Why Maranoa residents will cop a 3.5% rate rise
THE move to increase local government rates by 3.5% was a necessary move to keep the region solvent, according to the Deputy Mayor.
With Maranoa Regional Council placing more emphasis on renewing exsiting funding this year and revenue from sales and interest falling, Cr Jan Chambers said the rate rise was needed to ensure no services were cut.
"We looked at varying amounts but 3.5% was where we arrived at due to where our costs are going and trying to keep pace with that, but also being mindful of the impacts on our community,” she said.
"It's very much a balancing act.
"You can't afford to do the upgrades or renewals if you don't keep pace with revenue.”
While Roma Airport ($1.3 million) and the Saleyards ($65,644) are budgeted to run at a surplus in 2016/17, sales revenue from the Roma Quarry are expected to fall to just $2.5 million in the same year - a fall of $12 million in just three years.
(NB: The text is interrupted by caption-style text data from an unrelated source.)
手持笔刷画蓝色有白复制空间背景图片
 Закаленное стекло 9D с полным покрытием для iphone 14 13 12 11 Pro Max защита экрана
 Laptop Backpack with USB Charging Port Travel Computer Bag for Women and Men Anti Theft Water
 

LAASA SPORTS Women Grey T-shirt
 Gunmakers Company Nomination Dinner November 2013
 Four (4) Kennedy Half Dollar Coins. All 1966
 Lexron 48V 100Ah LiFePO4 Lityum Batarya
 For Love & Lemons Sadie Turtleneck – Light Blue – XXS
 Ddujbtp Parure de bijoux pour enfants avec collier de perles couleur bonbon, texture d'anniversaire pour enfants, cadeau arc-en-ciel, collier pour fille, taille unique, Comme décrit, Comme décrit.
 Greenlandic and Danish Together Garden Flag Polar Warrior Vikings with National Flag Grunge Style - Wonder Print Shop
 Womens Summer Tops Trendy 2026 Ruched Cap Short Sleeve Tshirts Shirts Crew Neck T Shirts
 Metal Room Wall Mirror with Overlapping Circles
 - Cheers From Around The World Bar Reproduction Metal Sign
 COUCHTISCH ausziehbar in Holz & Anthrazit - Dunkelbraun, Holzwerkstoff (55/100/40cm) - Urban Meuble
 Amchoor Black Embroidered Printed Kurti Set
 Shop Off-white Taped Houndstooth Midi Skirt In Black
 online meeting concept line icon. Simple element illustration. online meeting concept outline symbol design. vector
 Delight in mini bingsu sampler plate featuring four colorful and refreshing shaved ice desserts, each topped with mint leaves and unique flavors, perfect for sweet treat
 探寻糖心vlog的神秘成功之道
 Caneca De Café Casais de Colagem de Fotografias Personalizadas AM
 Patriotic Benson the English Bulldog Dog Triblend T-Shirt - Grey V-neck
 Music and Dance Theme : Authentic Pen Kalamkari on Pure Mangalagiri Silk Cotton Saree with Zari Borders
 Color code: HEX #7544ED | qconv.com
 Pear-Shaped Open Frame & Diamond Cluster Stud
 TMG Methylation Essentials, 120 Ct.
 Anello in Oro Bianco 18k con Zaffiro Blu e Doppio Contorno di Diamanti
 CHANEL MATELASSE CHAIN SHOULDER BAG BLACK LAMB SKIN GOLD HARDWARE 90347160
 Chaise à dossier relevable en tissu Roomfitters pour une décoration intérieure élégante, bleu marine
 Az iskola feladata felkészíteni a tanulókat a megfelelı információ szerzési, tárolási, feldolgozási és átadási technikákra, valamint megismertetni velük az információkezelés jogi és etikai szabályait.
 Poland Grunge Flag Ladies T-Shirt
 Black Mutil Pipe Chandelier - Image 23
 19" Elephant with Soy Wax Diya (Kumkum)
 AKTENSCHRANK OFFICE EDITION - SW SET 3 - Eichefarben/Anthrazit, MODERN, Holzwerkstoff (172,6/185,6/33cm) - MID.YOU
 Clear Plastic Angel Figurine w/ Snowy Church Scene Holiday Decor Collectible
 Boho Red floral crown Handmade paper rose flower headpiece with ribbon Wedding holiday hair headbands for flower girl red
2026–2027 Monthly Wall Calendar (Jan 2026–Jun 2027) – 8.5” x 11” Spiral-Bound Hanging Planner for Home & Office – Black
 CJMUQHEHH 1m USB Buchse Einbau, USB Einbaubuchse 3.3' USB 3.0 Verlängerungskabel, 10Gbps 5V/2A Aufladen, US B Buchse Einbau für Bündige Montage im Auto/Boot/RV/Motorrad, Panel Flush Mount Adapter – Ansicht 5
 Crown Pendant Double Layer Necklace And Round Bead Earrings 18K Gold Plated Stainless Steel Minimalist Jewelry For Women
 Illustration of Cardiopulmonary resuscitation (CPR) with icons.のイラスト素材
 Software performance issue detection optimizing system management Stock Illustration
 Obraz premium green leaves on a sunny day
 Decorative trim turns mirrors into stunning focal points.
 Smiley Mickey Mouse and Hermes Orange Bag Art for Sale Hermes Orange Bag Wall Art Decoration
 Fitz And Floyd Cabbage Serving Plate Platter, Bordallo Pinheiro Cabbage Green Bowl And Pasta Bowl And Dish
But Cr Chambers said the quarry was still valuable to MRC.
"It's a case of what's happening with the demand - we went through years where there was a lot of oil and gas and flood damage and there was great demand for quarry product and we've seen that come virtually to a halt,” she said.
It's something we're going to use for our own works.
"There's still value in having that asset.”
Fees and charges (airport passenger tax, dog registration, hire fees) are budgeted to go up by 4% to $11.5 million, which will counteract the decline in sales revenue from assets like the quarry.
The council will also pay down $1.56 million in debt and still maintain a small surplus of $56,000.
"We're looking at paying another $1.56 million off our debt this year, no borrowings as yet and looking to being down to just $12.8 million in debt,” Cr Chambers said.
"That's a very financially responsible position for a council.
"I wouldn't say that people will be happy, because in general the cost of living is an impact upon everyone, but as a council we're conscious of those costs and have tried to bring down a budget that keeps a balance between the rising expenditure and falling revenue.”